にしても前後編に分けるなんて、「姿三四郎」のレビュー以来だよ。
(あ、ちなみに「姿三四郎」レビューはパスワードがないと見られないんですけども「ウチの人」の誕生日を西暦から入力してくださいね)
最初に舞台のセットからですが、どこかの公園という設定でしょうか。
上手にベンチ。下手に交番。舞台上には夏らしくひまわりの花などがあしらわれてます。
前の感想にも書いたような気がするけど、今回のショーは「花」と「色」がテーマなんですね。これはパンフレットにも書いてあるんだけど、まあ説明しないと分かってもらえないと思ったらしく、20日の公演のMCでそれぞれのストーリーに使われている花を説明してくれました。のちにその意図が浸透してきたのか、後半の舞台では説明していませんでしたが。
それから、舞台の上部真ん中にスクリーン。
開演前の諸注意連絡もシゲがやってます。ケータイの電源はお切りくださいとかのあれね。これは今、三谷さんの舞台とかでもよくやってますけど(三谷さんご本人が)、なんかこれって舞台への気分が盛り上がって嬉しいよね。
これが聴きたくて、2回目以降から30分前には劇場に着くようにしてました。
「洗濯とかしないでくださいねー」って注意もあったけど…大阪でもやったの?ウケたの?
「もうすぐ始まっちゃうかも。ロビーにいる方は早く席についてください」というシゲのアナウンスのあと、しばらくすると場内が暗くなってオープニングがスタート。
スクリーン映像で見せるオープニング。パンフレットにも使われているセルフシャッター写真のシゲが連続で出てきて、めっちゃテンションがあがりましたね。
あのオープニングの音楽もカッコよくてよかったなー
それから、チラシやクリアファイルでお馴染みの緑の着物を着て、なにやら手をくねくねさせてるシゲ。
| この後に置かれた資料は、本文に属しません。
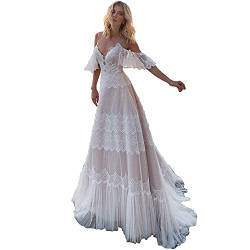 Damen Hochzeitskleider schicke Spitze Abendkleider V Ausschnitt Rüschen Ärmel Strand Boho Outdoorsy Hochzeitskleid von Sorayan
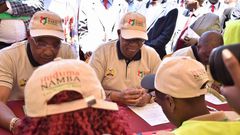 PS Karanja Kibicho and Nyandarua Governor Francis Kimemia during the pilot phase of Niims at Nyandarua (Twitter)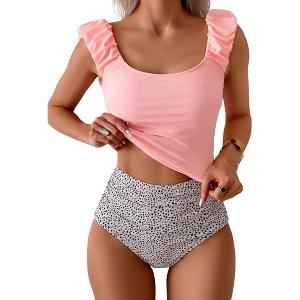 Eomenie Tankini Swimsuits for Women Ruched Tummy Control Bathing Suits Two Piece Swim Tank Top with High Waisted Bottom, Light Pink, XL
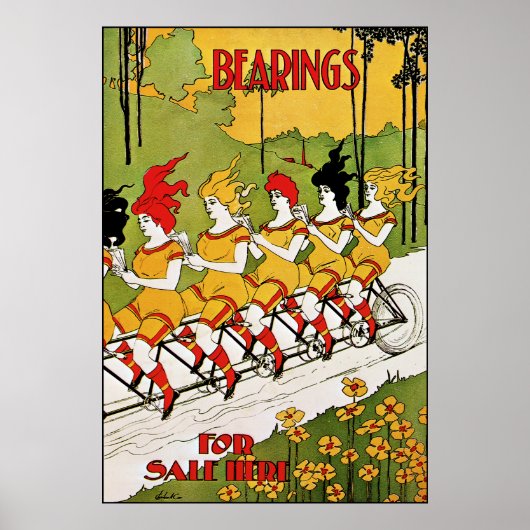 Jugendstil: Vintages Werbeplakat - Anhörungen Poster (Vorne)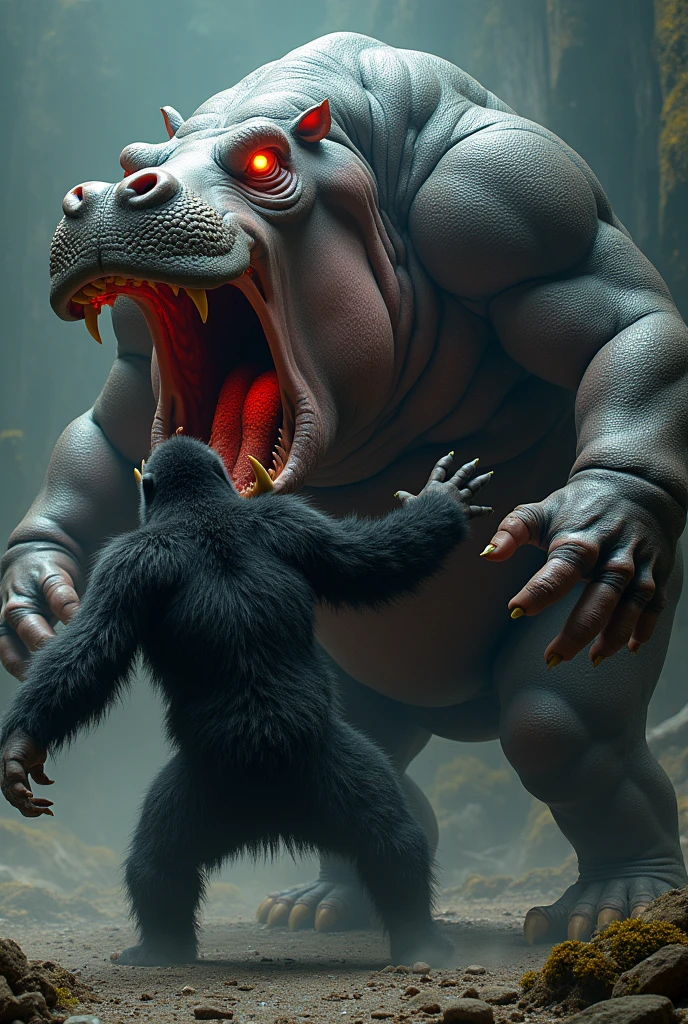 A humanoid hippopotamus, muscular, giant, killing a gorilla, hyper realistic, 4k, photorealistic, cinematic lighting, dramatic action pose, detailed anatomy, vivid colors, dark fantasy, concept art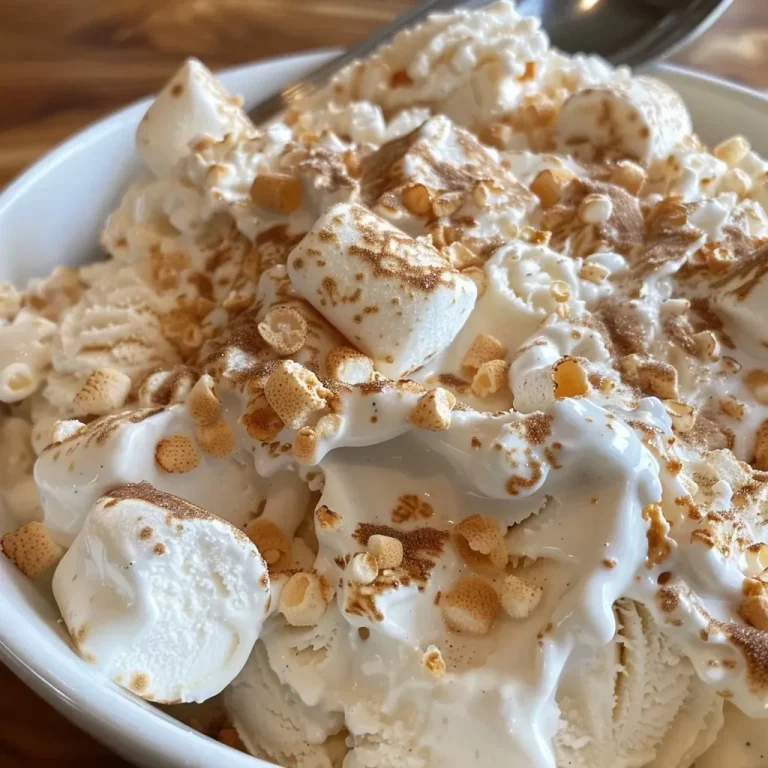 Indulge in Creamy Delight: Toasted Marshmallow Ice Cream Made Easy Close-up view of creamy toasted marshmallow ice cream in a bowl.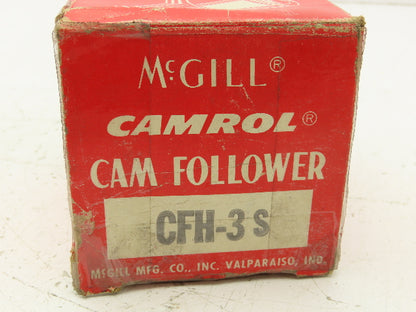 McGill CFH-3 S Flat Cam Follower Bearing 3x1.75" Roller 1.5" Stud Dia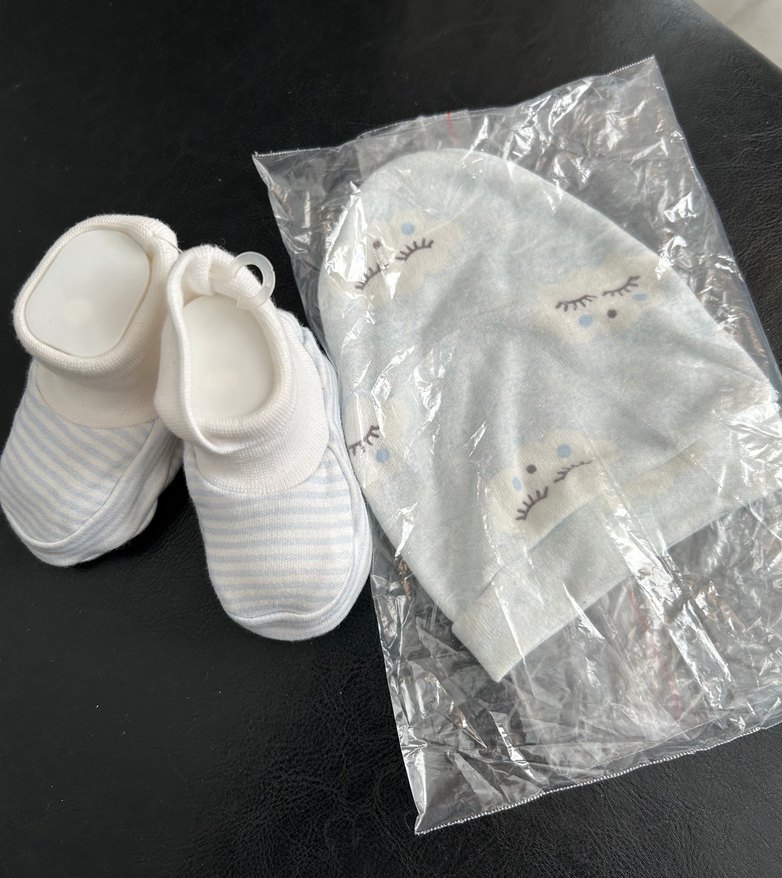 Erkek bebek patik şapka takımı ve zıbın - Görsel 2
これ、20日のMCによると、「唯一踊っている」んだとか。客席からは「ええ?(あれ踊りなの?)」といったカンジのビミョーな反応。「歌わない、踊らない」はずの今回のショーだけど、本人によるとちょーっとだけ踊ってるということで。実際にはスタッフから「いいねー」とノセられて、もっと踊ったらしいんだけど、実際映像に使われたのはほんの数カット(笑)
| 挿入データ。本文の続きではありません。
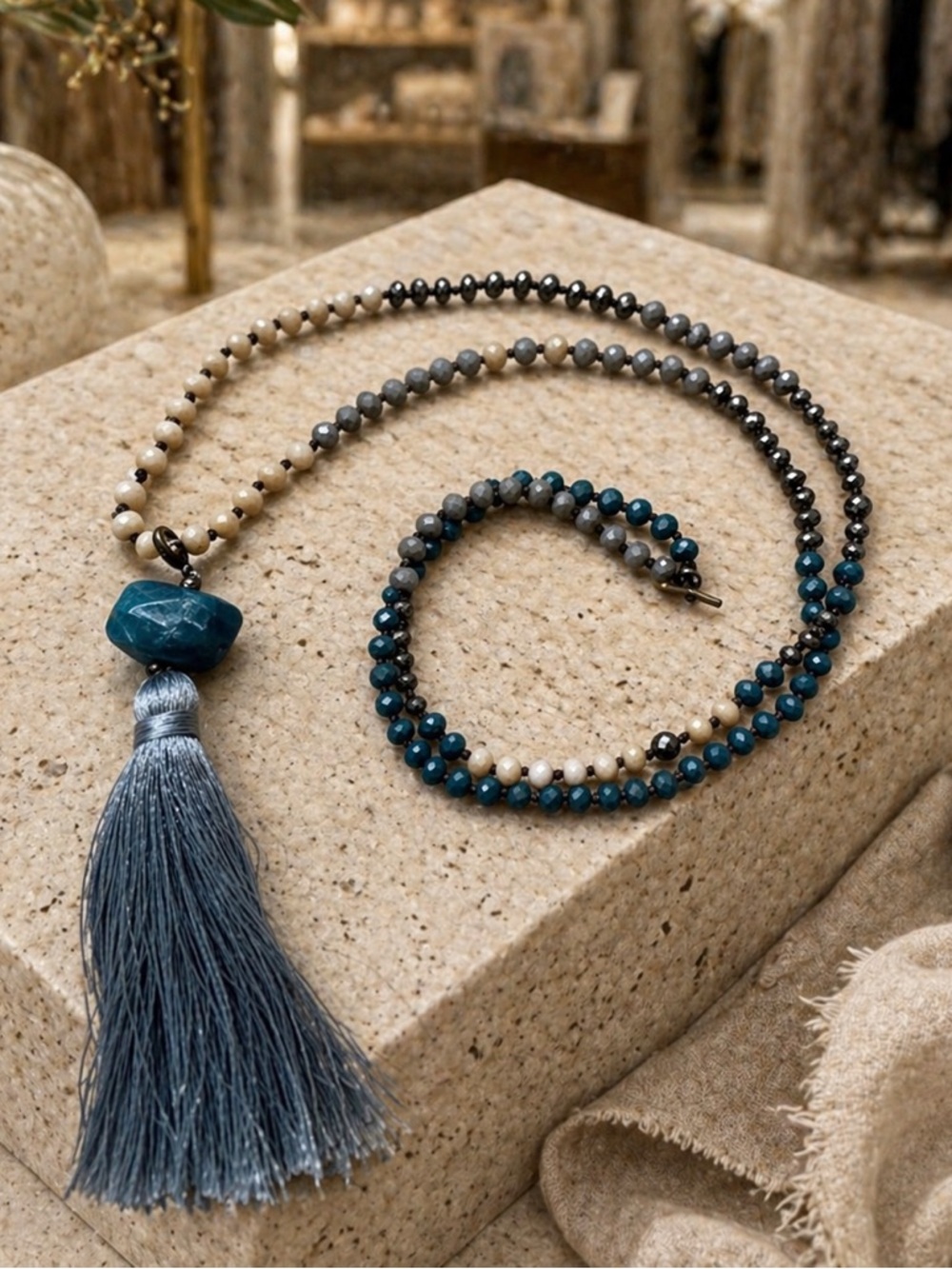Boho Beaded Tassel Multi Wear Necklace | Long Statement | Neutral + Teal Crystal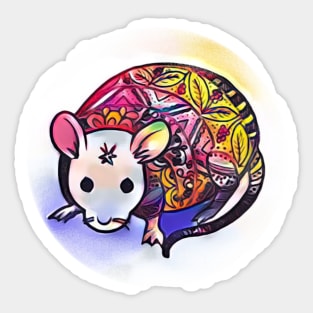 Tattooed Love Mouse - Peace, Love, Sixties, Hippy Sticker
でもって、次に書道やってるシゲ。パッチにサラシ姿のシゲが巨大な筆を両手に、まっ白い床と壁になぐり書き。墨が飛び散ってシゲの全身墨だらけ。
うーん、これ書道なの? つかシゲ的書道なのか?
この書道の間に、それぞれのタイトルの演目が紹介されてたような気が。
「落し物」「定休日」「愚問」「湿度なき声で壊れる程の愛となれ」「鬱憤トイレ」「絆」「オレンジの花びら」
そして最後に筆を肩にのせてキメるシゲ。うん、カッコイイ。
ここで、タイトルクレジット、バーン! 「こんなんやってみました。」
ちなみに、このタイトルクレジットはチケットにも使われてますけども、シゲの自筆なんですよね。パンフレットに、左手で何枚も書いてるオフショット写真が載ってます。つか左で書いてんだ。バリバリ左利きの私だって筆だけは右なのに。
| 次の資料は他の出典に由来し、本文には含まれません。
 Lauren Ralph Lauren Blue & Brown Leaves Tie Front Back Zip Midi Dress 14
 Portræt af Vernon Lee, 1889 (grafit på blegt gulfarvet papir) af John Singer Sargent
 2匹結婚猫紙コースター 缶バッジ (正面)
それでは、ここからそれぞれの演目について。てか、オープニングだけで語りすぎだ、自分。
「落し物」
ところで、各演目の前に、タイトル紹介も兼ねた楽屋映像がちょろっと入ってます。
ここではシンプルに「こんなんやってみました」と言って、小道具の軍手と財布をカメラに向けるシゲ。
そして舞台に照明がついて、下手からシゲが登場!
客席からキャーと予想外の黄色い声があがるので、なんか嬉しい。
「あらま、ウチの人、けっこう人気あるじゃん?」みたいな?
「落し物を見つけたとき、あなたはどうしますか?」
よくあるハンカチ、なぜか片手だけ落ちてることが多い軍手、そして折りたたみ傘の傘袋。
20日に観に行った時、軍手を拾ったところで、シャツの後ろがパンツから出てしまったシゲ。観ているこっちもなんとなくその状況が気になりつつ、そのままでいっちゃうんかなと思っていたら、そのあと、何気なく片手を後ろにまわして入れてたんだけど、それを見ていた客席から笑いが起きる。
「なーんで笑うんですか!だって(シャツ)出ちゃったんだから!」とお客さんの笑いにすかさずツッコむシゲ。そうそう、こういうところが大好きなのよ。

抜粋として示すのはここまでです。